As far as your average joe specator goes, there are just certain thing spectators shouldn't say. For example, spectators should never, no matter how well meaning it seems, yell lies to the runners. If this is not the last hill, don't yell that it is. If there remains more than 25% of the race, don't yell "almost there!" If there's no beer at the finish line, don't yell that there is beer there. What should you yell? A simple "go runners!" is always sufficient, and even though you may have said it 1,000 times before I see you, it's the first time I've heard you say it.

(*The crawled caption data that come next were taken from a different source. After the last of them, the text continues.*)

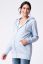 Preview: Maternity and Babywearing Hoody light blue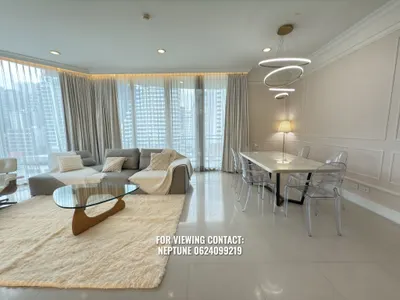 3-bed condo for rent at Royce Private Residences, photo 5 of 5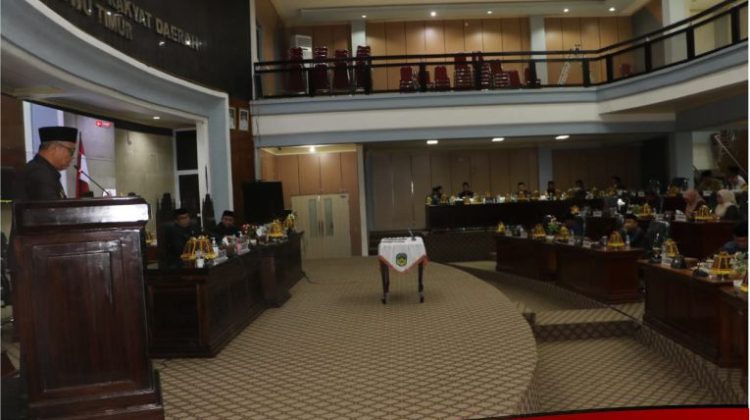 Budiman Sampaikan Pendapat Akhir Ranperda RPJPD 2025-2045 dan Penyelenggaraan KLA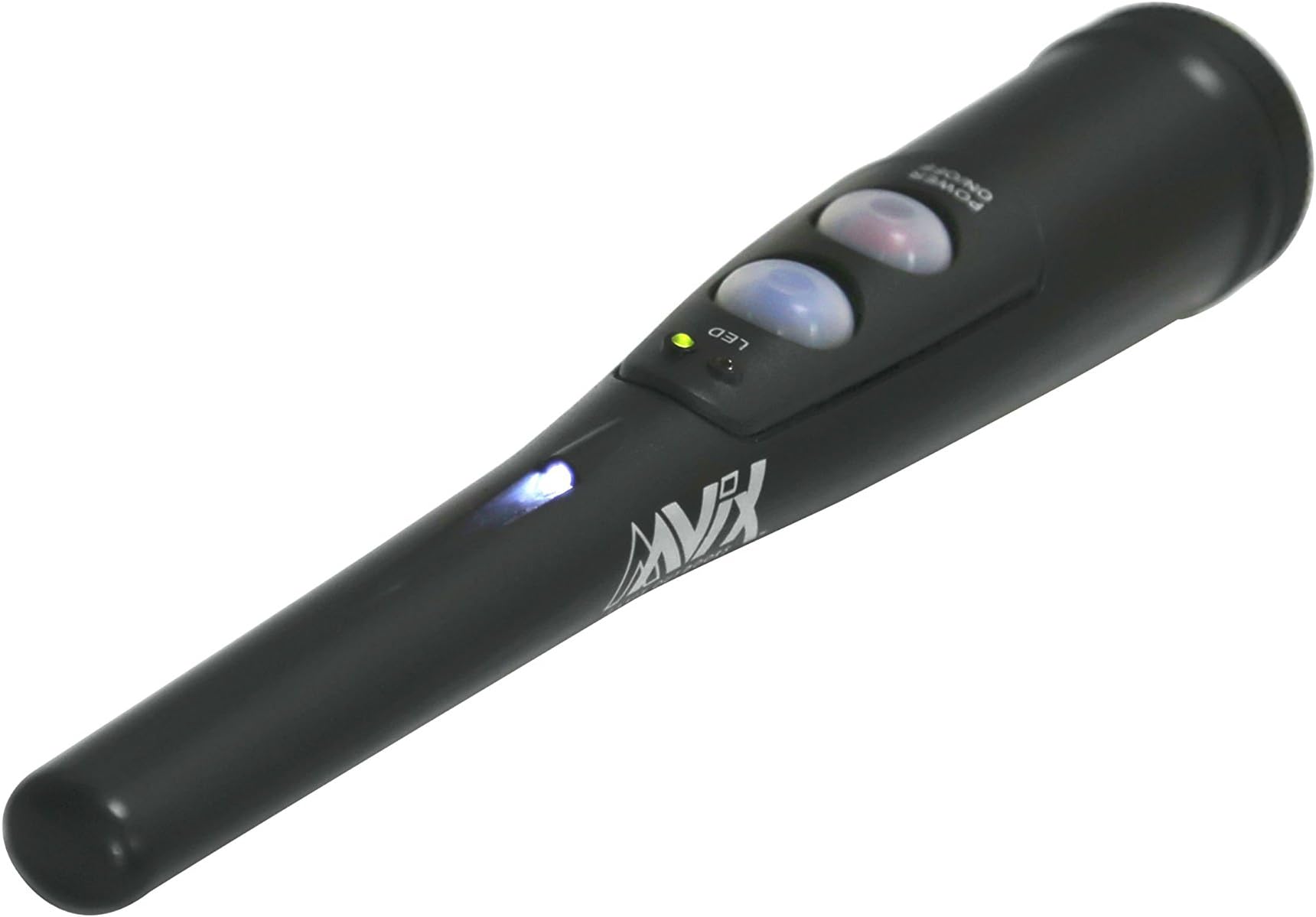 AGT310B High Sensitivity Pro Pinpoint Metal Detector, Black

Most of all, don't mock the slower runners. I CANNOT STAND IT when someone tells me not to walk, even though I walk throughout the whole race, and I plan to do so. There is never time to explain this to a spectator, so I just say "I'll run again in a minute," and move on (while they probably think I'm lazy?). At the Annapolis Ten Mile Run a couple weeks ago, around mile 7, there were four people sitting in beach chairs at the bottom of an out and back hill - so you ran down, then the course turned around and you ran back up again towards mile marker 7. As I passed by, I heard one person say, "Hey, don't let anyone pass you!" and another responded "I don't think anyone back here is passing anyone." In other words, the back of the pack people never pass others towards the end of a race? Nonsense! Bad spectators!


My friends at the Marine Corps Marathon 2006

Most spectators, though, are good. I'm glad they're there and I always appreciate some support from folks who have come out to cheer runners on. I know it's not the most exciting thing in the world, but we're glad you're there.


More Responses

5 comments:

lindsay said...

thanks for sharing your running story! it's always fun to learn where someone has "come from" and to hear about their running journey.

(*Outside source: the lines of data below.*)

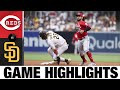 Reds vs. Padres Game Highlights (6/17/21) | MLB Highlights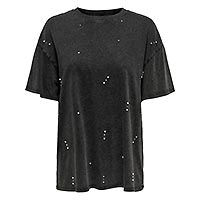 LUCY BLING BLACK RHINESTONE - Only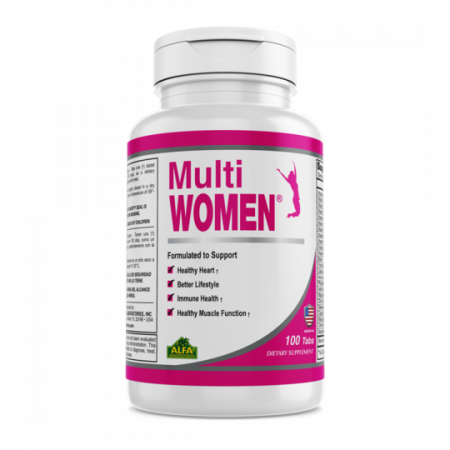 Витамины женские Alfa Vitamins Daily Multivitamins for Women 100 таб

great tiart topic! i *hope* to get a post up later today. i laughed at your comment about wanting to stop to talk to friends at races. i feel the same way! i feel bad that they come watch to see me for .2 seconds and that the rest of the time must be boring - at least in a half or full marathon where they are there for hours. they try to assure me it's not boring... haha.

Erika said...

Great story! You're awesome, Kim!! :)

Laura said...

Great post. I did my first TIaRT post today on this. I have never had anyone tell me not to walk before...good thing...my walk breaks are every 10 min!

Lacey Nicole said...

what a great host post!!!! :) hehe. i love your running story. it's so unlike almost every other "about me" i've read. being anti-running "i don't run" and then making the transition. congrats on the weight loss, too!

soooo exciting about the disney world marathon! this january! woo woo!

and i totally agree about meeting so many people through running. who knew?!?! the community has expanded exponentially and i love it. i really try to be one of the people who encourages others because sometimes that is all it takes to get someone involved or on a path they never thought they'd travel :) races are such feel good events i wish that experience on everyone!

Jenny said...

It was fun coming out to cheer you on at MCM 2006. It was like a game to see where we could catch you at different places. And there were several of us together to chat and keep each other company while we waited. Kim was also good about trying to let us know about when and where to catch her so we could see her a couple of times.

I think being a spectator is only boring if you forget why you're going. In my opinion, the reason you're going is to cheer on and support your friend or family member who is doing this amazing athletic event. If you can get them to smile and give them a bit of encouragement, then you've done what you've set out to do. If you expect them to chit chat, call them on the phone later.